== Segment start ==

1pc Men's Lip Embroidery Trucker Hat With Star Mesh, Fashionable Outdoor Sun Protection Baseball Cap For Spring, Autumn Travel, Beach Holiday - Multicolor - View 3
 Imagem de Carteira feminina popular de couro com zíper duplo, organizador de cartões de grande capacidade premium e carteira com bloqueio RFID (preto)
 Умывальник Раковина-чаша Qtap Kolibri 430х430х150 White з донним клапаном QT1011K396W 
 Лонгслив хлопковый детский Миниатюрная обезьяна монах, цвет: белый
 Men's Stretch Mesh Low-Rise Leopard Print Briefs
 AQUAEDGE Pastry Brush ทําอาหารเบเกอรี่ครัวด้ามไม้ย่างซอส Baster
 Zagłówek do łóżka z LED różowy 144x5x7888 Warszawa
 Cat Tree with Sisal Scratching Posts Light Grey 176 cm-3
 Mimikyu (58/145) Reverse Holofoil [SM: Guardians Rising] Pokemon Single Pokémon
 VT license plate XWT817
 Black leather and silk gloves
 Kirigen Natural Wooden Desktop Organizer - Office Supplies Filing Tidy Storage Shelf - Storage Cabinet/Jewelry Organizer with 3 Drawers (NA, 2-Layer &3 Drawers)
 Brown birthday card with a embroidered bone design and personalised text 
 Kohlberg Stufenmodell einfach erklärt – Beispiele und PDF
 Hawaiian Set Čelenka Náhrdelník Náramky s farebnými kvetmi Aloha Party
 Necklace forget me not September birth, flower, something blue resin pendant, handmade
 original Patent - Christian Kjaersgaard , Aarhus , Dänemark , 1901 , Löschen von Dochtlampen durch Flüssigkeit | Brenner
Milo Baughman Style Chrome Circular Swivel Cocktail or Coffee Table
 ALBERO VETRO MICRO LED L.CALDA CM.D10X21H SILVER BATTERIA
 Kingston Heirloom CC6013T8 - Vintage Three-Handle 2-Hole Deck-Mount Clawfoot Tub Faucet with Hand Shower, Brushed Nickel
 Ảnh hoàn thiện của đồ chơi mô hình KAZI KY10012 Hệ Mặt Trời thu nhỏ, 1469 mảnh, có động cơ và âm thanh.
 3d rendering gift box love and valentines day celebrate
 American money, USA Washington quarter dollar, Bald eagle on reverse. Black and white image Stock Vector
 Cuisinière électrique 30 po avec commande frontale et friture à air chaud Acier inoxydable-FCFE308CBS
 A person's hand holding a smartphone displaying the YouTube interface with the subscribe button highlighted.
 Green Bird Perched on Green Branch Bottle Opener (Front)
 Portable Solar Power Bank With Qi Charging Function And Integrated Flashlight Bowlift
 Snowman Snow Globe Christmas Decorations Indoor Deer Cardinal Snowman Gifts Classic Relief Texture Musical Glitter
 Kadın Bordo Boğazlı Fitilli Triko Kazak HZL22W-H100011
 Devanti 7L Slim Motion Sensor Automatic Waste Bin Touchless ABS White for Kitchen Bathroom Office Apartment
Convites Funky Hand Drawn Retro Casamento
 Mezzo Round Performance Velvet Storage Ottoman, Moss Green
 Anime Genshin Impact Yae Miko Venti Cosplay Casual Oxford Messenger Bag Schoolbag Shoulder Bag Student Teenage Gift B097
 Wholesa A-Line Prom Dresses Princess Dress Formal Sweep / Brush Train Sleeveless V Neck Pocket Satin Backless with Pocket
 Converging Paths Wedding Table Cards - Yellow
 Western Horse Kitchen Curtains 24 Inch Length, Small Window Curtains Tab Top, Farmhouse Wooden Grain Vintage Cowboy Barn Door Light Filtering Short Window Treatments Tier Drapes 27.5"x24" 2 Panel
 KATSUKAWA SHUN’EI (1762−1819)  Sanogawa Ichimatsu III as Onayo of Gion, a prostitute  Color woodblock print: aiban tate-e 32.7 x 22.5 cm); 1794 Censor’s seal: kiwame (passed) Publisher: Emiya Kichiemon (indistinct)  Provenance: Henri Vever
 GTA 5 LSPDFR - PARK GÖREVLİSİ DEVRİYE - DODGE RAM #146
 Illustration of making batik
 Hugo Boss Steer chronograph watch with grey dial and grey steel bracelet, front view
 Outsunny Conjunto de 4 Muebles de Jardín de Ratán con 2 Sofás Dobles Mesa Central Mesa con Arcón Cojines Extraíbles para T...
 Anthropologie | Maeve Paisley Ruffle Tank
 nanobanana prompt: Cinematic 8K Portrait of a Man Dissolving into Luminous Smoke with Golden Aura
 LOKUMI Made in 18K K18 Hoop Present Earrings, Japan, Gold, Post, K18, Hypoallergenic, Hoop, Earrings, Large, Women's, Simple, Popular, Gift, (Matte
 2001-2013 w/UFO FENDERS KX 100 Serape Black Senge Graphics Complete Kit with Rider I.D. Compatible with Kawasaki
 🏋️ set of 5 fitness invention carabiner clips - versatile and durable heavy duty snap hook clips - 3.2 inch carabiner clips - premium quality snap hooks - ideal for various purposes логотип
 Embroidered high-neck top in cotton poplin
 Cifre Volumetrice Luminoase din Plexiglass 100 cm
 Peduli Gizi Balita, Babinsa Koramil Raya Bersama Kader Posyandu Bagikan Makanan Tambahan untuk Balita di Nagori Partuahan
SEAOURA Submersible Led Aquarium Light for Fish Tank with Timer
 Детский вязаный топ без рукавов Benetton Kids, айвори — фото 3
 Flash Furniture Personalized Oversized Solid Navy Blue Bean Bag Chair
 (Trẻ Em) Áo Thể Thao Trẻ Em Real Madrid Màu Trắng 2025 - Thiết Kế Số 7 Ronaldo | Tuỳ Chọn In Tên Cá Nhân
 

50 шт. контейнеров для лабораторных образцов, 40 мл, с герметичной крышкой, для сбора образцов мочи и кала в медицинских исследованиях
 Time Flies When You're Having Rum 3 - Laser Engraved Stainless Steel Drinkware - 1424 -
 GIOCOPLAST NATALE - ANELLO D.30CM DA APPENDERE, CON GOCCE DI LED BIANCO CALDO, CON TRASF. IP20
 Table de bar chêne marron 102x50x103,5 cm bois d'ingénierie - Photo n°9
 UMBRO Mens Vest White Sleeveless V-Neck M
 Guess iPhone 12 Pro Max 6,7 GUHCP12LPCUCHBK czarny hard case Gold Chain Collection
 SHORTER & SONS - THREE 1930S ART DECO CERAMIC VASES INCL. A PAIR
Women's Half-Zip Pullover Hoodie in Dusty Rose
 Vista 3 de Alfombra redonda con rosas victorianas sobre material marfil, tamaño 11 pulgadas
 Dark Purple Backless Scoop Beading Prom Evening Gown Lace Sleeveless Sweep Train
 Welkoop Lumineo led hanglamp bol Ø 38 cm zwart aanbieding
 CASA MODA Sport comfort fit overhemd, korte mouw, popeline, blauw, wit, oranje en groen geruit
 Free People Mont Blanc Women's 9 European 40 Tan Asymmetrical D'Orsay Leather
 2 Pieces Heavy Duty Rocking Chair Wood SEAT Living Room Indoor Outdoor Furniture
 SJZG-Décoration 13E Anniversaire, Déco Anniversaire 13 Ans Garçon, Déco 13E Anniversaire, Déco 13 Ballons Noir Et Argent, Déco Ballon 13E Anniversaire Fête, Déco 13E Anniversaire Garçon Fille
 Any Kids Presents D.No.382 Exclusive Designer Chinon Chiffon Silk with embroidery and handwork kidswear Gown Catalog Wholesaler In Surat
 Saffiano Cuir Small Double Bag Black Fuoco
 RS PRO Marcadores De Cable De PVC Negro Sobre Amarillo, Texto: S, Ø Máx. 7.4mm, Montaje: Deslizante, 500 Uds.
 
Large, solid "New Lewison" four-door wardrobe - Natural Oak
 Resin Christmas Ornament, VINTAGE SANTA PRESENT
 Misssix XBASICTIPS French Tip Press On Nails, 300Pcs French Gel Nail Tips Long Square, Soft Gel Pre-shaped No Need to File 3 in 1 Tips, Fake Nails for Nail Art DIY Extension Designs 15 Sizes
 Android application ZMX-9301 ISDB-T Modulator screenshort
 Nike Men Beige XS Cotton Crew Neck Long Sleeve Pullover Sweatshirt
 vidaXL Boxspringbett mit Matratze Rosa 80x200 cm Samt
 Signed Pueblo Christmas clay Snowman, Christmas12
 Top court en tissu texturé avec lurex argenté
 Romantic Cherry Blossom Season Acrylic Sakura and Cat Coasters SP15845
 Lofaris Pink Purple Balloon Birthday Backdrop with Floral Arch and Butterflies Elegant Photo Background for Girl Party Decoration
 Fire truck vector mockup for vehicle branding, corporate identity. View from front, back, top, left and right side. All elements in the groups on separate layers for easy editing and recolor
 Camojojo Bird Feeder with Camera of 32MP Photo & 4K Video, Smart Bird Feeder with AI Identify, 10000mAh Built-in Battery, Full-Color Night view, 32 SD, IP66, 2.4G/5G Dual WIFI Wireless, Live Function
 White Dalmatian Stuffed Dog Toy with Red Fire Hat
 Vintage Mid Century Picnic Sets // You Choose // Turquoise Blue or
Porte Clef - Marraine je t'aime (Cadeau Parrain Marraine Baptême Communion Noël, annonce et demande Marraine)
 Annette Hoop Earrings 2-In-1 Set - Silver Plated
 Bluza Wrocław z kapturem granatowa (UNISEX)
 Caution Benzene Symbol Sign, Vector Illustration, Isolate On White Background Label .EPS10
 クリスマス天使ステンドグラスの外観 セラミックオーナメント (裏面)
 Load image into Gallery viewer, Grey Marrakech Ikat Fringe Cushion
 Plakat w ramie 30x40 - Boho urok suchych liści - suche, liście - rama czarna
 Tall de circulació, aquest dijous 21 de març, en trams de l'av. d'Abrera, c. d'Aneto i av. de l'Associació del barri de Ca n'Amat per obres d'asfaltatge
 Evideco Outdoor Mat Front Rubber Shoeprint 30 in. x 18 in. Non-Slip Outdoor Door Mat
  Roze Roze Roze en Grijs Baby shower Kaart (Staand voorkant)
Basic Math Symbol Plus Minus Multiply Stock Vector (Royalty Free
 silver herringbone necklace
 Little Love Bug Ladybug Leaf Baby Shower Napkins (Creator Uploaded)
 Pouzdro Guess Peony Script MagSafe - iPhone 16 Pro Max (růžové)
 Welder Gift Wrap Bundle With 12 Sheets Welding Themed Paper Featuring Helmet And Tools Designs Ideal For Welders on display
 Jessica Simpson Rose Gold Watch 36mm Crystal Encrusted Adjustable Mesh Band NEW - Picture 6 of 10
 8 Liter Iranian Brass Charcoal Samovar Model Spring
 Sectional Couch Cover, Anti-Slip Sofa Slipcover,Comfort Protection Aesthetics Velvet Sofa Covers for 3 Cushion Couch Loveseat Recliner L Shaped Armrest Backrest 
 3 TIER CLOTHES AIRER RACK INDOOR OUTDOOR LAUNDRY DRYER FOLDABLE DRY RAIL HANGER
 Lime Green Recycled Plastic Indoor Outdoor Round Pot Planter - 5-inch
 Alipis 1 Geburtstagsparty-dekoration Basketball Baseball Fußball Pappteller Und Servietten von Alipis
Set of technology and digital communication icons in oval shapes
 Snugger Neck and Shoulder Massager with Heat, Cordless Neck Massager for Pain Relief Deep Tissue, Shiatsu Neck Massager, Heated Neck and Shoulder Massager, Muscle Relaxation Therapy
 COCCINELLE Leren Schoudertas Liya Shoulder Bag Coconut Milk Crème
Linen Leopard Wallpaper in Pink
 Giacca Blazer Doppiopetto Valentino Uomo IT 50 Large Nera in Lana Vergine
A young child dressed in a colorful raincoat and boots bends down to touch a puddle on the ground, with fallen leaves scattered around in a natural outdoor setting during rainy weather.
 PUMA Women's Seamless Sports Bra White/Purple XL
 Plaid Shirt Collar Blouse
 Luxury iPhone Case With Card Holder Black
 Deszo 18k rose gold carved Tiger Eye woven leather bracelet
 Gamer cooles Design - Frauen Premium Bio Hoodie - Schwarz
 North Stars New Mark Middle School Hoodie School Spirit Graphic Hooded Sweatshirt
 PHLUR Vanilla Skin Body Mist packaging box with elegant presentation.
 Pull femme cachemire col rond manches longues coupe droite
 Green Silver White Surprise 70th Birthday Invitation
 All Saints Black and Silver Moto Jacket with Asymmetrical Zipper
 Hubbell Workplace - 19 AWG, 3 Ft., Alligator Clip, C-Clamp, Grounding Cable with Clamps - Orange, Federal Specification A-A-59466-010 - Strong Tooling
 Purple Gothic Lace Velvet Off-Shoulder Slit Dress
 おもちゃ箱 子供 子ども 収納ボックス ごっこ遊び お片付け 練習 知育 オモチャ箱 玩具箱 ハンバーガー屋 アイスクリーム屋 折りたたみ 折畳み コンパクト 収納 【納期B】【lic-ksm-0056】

== Segment end ==

• [TASK OBJECTIVE]: In the listing, find all lines with the string "Mesh" and copy them.

• [SOLUTION BELOW]:
1pc Men's Lip Embroidery Trucker Hat With Star Mesh, Fashionable Outdoor Sun Protection Baseball Cap For Spring, Autumn Travel, Beach Holiday - Multicolor - View 3
 Men's Stretch Mesh Low-Rise Leopard Print Briefs
 Jessica Simpson Rose Gold Watch 36mm Crystal Encrusted Adjustable Mesh Band NEW - Picture 6 of 10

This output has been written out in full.